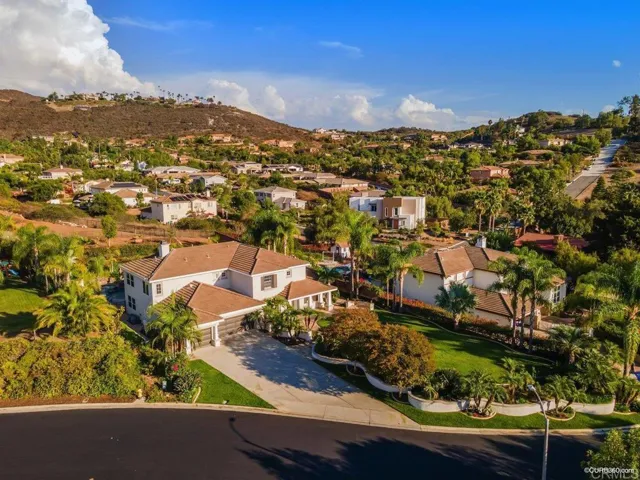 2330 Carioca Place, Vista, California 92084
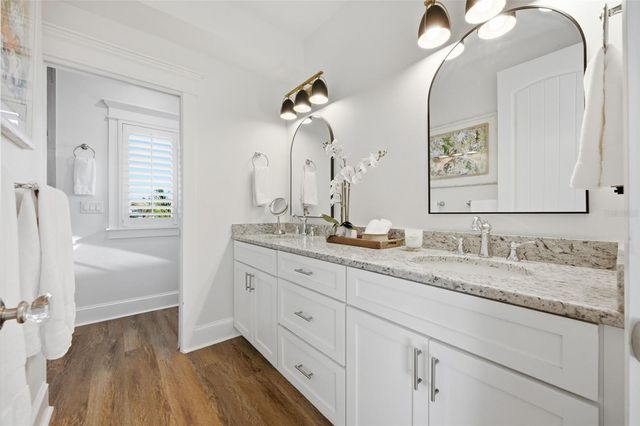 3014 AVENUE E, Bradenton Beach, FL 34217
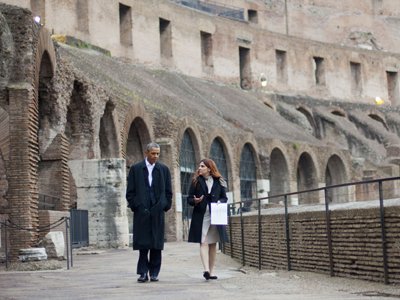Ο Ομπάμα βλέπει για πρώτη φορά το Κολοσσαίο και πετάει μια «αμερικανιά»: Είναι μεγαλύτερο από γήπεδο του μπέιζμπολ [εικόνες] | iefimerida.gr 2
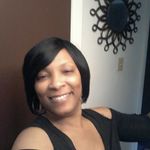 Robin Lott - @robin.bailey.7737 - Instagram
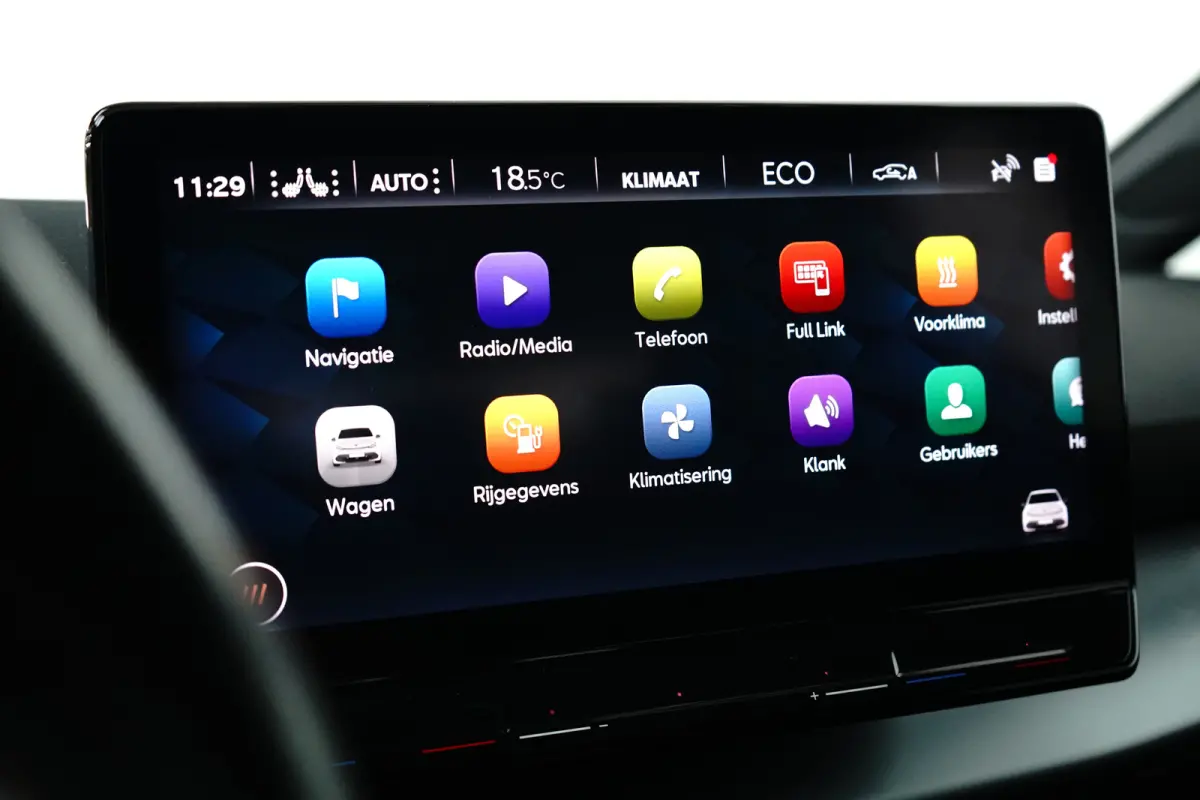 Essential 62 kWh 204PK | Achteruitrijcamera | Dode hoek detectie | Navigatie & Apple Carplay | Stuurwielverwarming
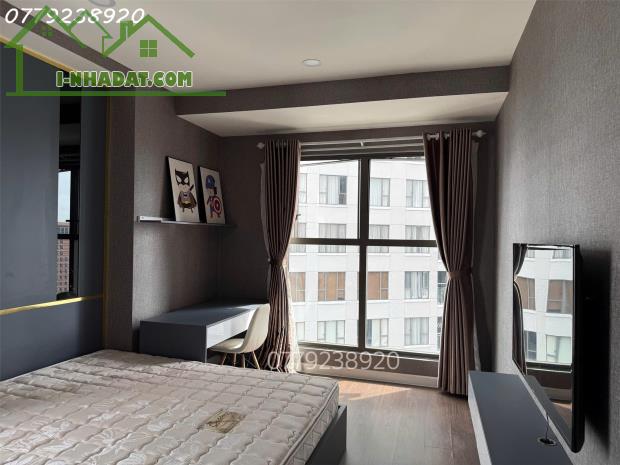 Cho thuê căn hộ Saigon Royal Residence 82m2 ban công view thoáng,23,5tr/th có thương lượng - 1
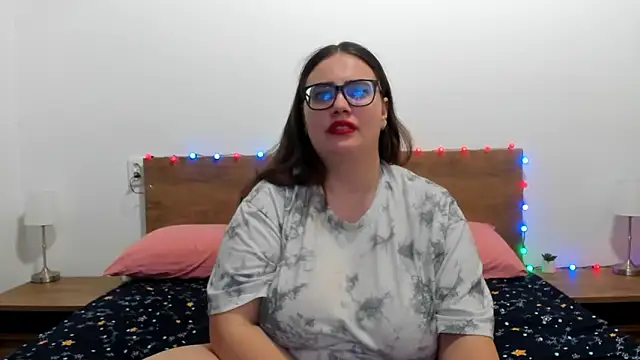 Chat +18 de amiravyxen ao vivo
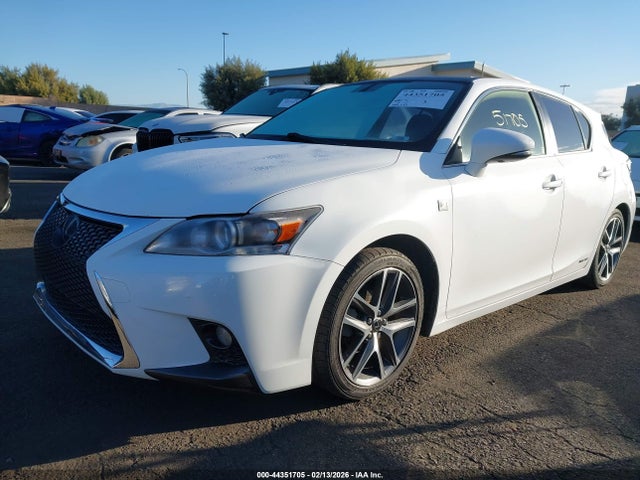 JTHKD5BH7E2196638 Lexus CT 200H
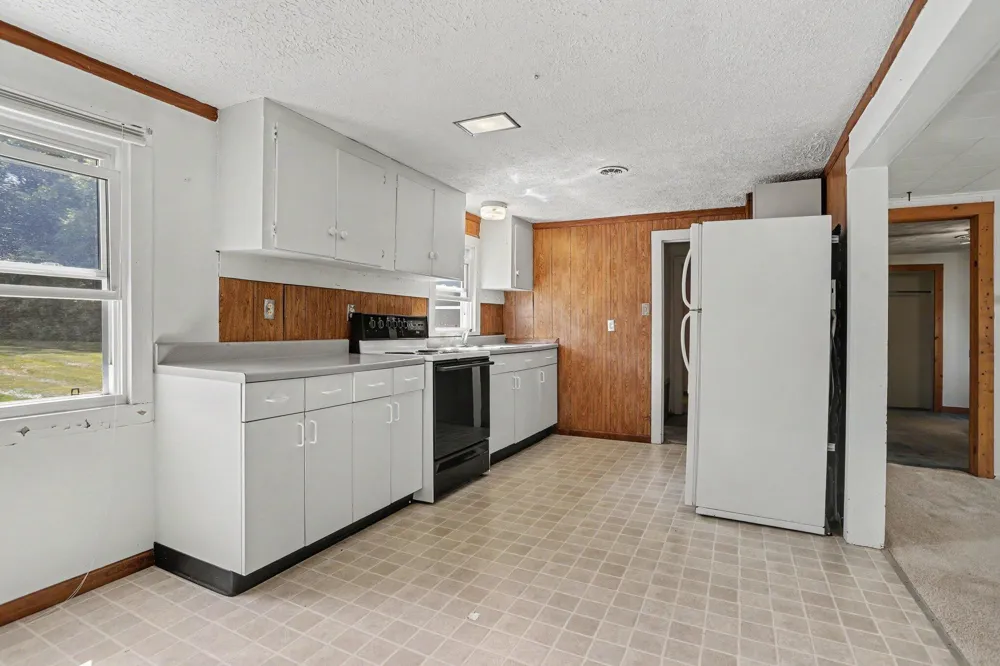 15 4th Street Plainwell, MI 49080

_ _ _

#### About this exercise:
Every entry above is to be copied verbatim, with the pictures removed.

#### Written solution:
 2330 Carioca Place, Vista, California 92084
 3014 AVENUE E, Bradenton Beach, FL 34217
Ο Ομπάμα βλέπει για πρώτη φορά το Κολοσσαίο και πετάει μια «αμερικανιά»: Είναι μεγαλύτερο από γήπεδο του μπέιζμπολ [εικόνες] | iefimerida.gr 2
 Robin Lott - @robin.bailey.7737 - Instagram
 Essential 62 kWh 204PK | Achteruitrijcamera | Dode hoek detectie | Navigatie & Apple Carplay | Stuurwielverwarming
 Cho thuê căn hộ Saigon Royal Residence 82m2 ban công view thoáng,23,5tr/th có thương lượng - 1
 Chat +18 de amiravyxen ao vivo
 JTHKD5BH7E2196638 Lexus CT 200H
 15 4th Street Plainwell, MI 49080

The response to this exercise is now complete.